Effect on mean systolic blood pressure, diastolic blood pressure and blood pressure control
The impact of interventions is summarised in Table 1 (full data available from authors). There was substantial heterogeneity for several interventions and outcomes. In these situations, pooled data are not reported but the range of results from individual RCTs are presented.
Table 1 Summary of results of interventions on systolic and diastolic blood pressure, control of hypertension and follow up at clinic.
Self monitoring (n = 15 RCTs)18,21–34 was associated with significant between-group heterogeneity for mean systolic blood pressure (SBP) (range −10 to 5 mmHg). Pooled data from 12 RCTs on difference of mean diastolic blood pressure (DBP), showed that self-monitoring was associated with a significant reduction of −2.0 mmHg (95% CI = −2.7 to −1.4 mmHg). In the four RCTs that reported on control of blood pressure, there was a trend towards improved blood pressure control but this was not significant (odds ratio [OR] = 0.9; 95% CI = 0.8 to 1.1). The remaining RCT that did not report any usable data concerning blood pressure control, reported a mean arterial blood pressure difference of 3 mmHg in favour of the intervention.31 However, this RCT was of a short duration (8 weeks follow-up).
The largest outlying RCT evaluated self monitoring as an intervention but without any adjustment in target blood pressure for self monitoring patients. The consequence was that self monitoring patients were less likely to have their medicines increased and more likely to have them reduced or ceased.22 Similarly, we excluded a recently published RCT of self monitoring whose objective was to ‘compare self measurement and conventional office measurement of blood pressure as guides to initiate and titrate antihypertensive drug treatment’.35 In this study goal diastolic blood pressure was 80–89 mmHg for both groups based on self monitoring or office reading (based on the allocation of the patient).
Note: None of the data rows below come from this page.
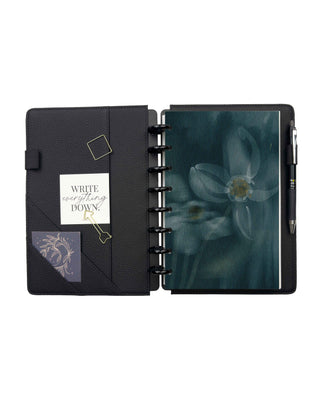 Open black pebbled planner cover with interior storage pockets, elastic pen loop, magnetic bookmark, and decorative cards. A removable floral dashboard featuring a soft blue flower on a deep teal background is displayed on black discs, with a pen secured in the built-in pen loop.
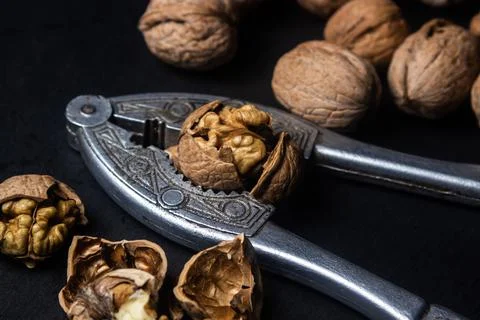 Chopped walnuts on a black background. Stock Photos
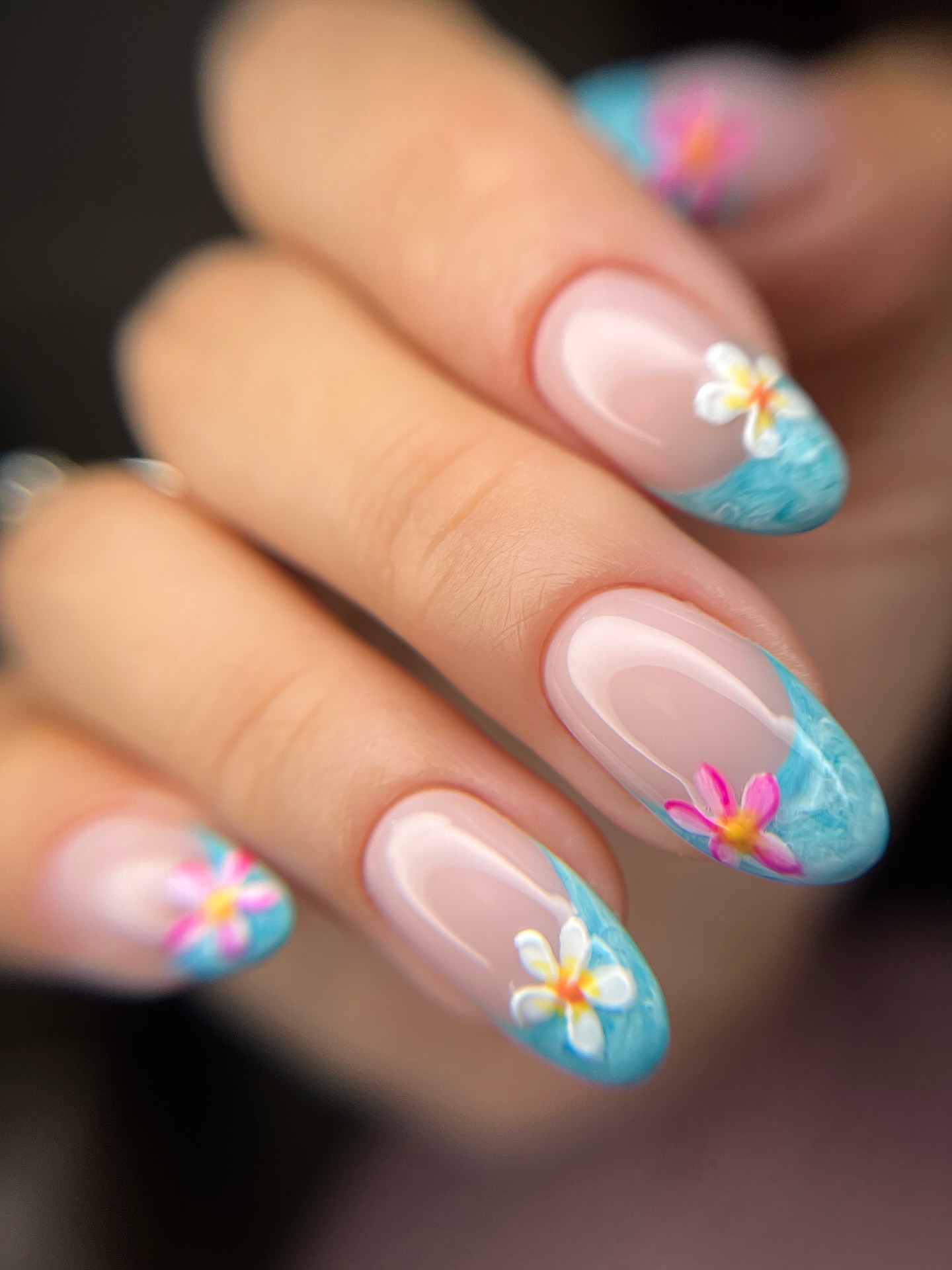 Sheer almond nails with sky blue ocean French tips and plumeria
At follow up, more self monitored patients had stopped antihypertensive treatment but with final office and 24-hour ambulatory readings being higher in the self monitoring group. The issue of using self monitoring as a diagnostic test evaluation to establish sustained blood pressure or as a therapeutic tool (with clear treatement goals adjusted to compensate for the lower self monitoring blood pressure readings that can be expected) to aid patient involvement and concordance needs to be clarified in future studies.
Educational interventions directed to the patient (n = 16 RCTs),18,19,21,36–51 seven RCTs reported mean difference SBP, nine RCTs reported mean difference DBP and five on BP control. For mean difference in SBP and DBP outcomes pooling of results from individual RCTs produced heterogeneous results, so pooled mean differences are not reported. Mean difference in SBP was reported with a range of differences in mean SBP reported between −15.7 mmHg to 0.6 mmHg, mean difference in DBP was reported with a range DBP −8.7 mmHg to 7.1 mmHg. In terms of blood pressure control (five RCTs) there was a trend towards improved blood pressure control but this was not significant (OR = 0.7 (95% CI = 0.4 to 1.0). Three RCTs did not report relevant outcome data,39–41 but did report increases in patient knowledge.41 Two of these RCTs reported no difference in blood pressure control.39,41 One RCT reported an improvement in SBP but not DBP at 6 months follow-up.40
Educational interventions directed to the physician (n = 9 RCTs),20,52–59 were associated with a small reduction in systolic blood pressure, pooled mean difference in SBP was −2.0 mmHg, 95% CI = −3.5 to −0.6 mmHg. However, they were not associated with a significant decrease in mean DBP (mean difference −0.4 mmHg, 95% CI = −1.1 to 0.3 mmHg) while control of blood pressure produced heterogeneous results (reported range 0.8 to 1.0).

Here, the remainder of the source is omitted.